Stored data entries:
* * * * * * * * *
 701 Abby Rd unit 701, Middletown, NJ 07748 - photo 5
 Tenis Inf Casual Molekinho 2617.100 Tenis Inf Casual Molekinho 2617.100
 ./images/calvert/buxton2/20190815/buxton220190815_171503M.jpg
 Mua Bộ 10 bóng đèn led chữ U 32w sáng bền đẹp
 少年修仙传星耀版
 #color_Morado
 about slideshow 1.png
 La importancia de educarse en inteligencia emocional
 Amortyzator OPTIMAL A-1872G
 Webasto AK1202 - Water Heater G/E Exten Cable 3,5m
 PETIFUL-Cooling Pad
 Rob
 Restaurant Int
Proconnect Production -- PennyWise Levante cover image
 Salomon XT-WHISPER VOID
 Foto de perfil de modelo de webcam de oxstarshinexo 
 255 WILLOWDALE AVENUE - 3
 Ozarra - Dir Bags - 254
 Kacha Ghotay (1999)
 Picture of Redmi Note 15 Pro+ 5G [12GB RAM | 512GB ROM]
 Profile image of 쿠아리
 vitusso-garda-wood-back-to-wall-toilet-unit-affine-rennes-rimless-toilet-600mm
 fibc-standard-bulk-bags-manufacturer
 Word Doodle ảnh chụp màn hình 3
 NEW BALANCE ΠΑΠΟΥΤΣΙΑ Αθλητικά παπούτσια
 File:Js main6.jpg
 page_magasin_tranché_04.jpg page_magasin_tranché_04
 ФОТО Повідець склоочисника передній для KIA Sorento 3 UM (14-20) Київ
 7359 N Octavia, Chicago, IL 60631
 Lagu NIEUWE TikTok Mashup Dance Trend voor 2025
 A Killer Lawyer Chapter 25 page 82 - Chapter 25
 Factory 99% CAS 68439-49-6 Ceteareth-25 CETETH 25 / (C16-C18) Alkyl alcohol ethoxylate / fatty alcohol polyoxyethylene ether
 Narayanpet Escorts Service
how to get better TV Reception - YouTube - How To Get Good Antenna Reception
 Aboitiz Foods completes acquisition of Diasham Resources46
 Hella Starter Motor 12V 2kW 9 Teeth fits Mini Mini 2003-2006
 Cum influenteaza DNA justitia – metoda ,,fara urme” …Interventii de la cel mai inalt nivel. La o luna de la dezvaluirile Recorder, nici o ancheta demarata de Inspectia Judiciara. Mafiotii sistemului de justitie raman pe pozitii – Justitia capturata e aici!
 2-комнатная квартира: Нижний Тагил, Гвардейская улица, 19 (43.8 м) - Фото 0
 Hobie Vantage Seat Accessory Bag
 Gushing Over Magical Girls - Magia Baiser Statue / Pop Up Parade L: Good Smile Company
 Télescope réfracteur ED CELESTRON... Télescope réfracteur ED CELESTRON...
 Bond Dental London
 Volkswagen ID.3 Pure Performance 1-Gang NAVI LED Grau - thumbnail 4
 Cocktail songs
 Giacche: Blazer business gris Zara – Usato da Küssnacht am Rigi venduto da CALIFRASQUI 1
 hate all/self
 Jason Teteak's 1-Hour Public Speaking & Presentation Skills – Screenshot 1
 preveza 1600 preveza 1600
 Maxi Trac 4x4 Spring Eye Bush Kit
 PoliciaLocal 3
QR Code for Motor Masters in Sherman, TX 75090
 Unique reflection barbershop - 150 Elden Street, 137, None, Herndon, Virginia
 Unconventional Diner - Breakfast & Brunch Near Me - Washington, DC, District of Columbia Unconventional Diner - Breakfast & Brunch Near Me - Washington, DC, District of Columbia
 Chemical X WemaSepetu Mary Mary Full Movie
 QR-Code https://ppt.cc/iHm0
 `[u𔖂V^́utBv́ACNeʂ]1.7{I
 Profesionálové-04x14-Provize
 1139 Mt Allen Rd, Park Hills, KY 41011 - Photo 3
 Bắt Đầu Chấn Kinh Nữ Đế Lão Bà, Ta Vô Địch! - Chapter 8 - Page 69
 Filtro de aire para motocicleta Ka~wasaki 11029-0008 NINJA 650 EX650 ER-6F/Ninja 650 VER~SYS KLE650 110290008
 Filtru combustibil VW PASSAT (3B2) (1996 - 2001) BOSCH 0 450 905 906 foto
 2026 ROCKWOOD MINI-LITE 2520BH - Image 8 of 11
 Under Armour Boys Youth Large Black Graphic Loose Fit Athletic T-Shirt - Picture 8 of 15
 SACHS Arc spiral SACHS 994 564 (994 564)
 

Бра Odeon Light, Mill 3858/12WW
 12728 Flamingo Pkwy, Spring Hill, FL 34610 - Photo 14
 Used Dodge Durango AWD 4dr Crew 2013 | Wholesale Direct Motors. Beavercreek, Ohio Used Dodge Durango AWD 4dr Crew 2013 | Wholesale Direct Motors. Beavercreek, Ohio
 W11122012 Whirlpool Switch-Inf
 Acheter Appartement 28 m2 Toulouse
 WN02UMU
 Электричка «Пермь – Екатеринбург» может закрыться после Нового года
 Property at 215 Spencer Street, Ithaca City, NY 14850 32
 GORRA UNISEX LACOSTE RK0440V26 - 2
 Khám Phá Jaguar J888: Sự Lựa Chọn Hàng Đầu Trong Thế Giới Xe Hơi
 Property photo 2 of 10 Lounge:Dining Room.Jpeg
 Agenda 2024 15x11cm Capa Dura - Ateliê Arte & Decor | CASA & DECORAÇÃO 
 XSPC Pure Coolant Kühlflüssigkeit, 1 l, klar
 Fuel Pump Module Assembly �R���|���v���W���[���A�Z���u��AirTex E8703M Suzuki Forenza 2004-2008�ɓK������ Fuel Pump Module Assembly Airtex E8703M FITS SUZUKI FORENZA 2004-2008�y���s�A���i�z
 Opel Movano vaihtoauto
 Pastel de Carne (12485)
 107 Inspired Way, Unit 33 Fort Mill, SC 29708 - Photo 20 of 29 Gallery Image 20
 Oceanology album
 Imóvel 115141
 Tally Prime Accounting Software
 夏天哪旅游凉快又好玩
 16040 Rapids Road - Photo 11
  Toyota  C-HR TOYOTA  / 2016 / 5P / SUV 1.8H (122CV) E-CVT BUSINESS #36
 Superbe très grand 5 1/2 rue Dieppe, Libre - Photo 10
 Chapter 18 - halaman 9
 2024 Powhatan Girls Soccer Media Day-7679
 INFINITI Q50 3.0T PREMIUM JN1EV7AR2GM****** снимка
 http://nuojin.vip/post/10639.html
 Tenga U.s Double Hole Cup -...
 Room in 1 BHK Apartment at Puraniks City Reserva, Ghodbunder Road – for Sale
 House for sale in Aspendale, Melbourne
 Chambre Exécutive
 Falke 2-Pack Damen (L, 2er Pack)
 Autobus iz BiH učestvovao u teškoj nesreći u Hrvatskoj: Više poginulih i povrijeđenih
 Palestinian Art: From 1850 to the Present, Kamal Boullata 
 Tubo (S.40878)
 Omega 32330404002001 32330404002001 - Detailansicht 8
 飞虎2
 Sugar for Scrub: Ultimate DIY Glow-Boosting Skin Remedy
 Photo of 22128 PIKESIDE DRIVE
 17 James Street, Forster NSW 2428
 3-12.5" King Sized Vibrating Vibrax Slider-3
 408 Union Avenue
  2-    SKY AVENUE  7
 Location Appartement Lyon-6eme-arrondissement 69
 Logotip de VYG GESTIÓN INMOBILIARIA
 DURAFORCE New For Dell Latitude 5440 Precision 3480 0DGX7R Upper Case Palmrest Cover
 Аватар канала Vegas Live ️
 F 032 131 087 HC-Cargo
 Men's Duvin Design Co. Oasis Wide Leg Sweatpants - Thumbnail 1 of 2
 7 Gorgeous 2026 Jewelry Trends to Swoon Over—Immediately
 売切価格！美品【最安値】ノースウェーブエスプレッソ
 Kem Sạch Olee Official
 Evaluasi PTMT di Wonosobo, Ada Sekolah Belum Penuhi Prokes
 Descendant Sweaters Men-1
* * * * * * * * *
**Your task**. What are the lines, exactly as written above, from the line with "255 WILLOWDALE AVENUE - 3" to the line with "Hella Starter Motor", both included? Output only those.

**Exercise answer**.
 255 WILLOWDALE AVENUE - 3
 Ozarra - Dir Bags - 254
 Kacha Ghotay (1999)
 Picture of Redmi Note 15 Pro+ 5G [12GB RAM | 512GB ROM]
 Profile image of 쿠아리
 vitusso-garda-wood-back-to-wall-toilet-unit-affine-rennes-rimless-toilet-600mm
 fibc-standard-bulk-bags-manufacturer
 Word Doodle ảnh chụp màn hình 3
 NEW BALANCE ΠΑΠΟΥΤΣΙΑ Αθλητικά παπούτσια
 File:Js main6.jpg
 page_magasin_tranché_04.jpg page_magasin_tranché_04
 ФОТО Повідець склоочисника передній для KIA Sorento 3 UM (14-20) Київ
 7359 N Octavia, Chicago, IL 60631
 Lagu NIEUWE TikTok Mashup Dance Trend voor 2025
 A Killer Lawyer Chapter 25 page 82 - Chapter 25
 Factory 99% CAS 68439-49-6 Ceteareth-25 CETETH 25 / (C16-C18) Alkyl alcohol ethoxylate / fatty alcohol polyoxyethylene ether
 Narayanpet Escorts Service
how to get better TV Reception - YouTube - How To Get Good Antenna Reception
 Aboitiz Foods completes acquisition of Diasham Resources46
 Hella Starter Motor 12V 2kW 9 Teeth fits Mini Mini 2003-2006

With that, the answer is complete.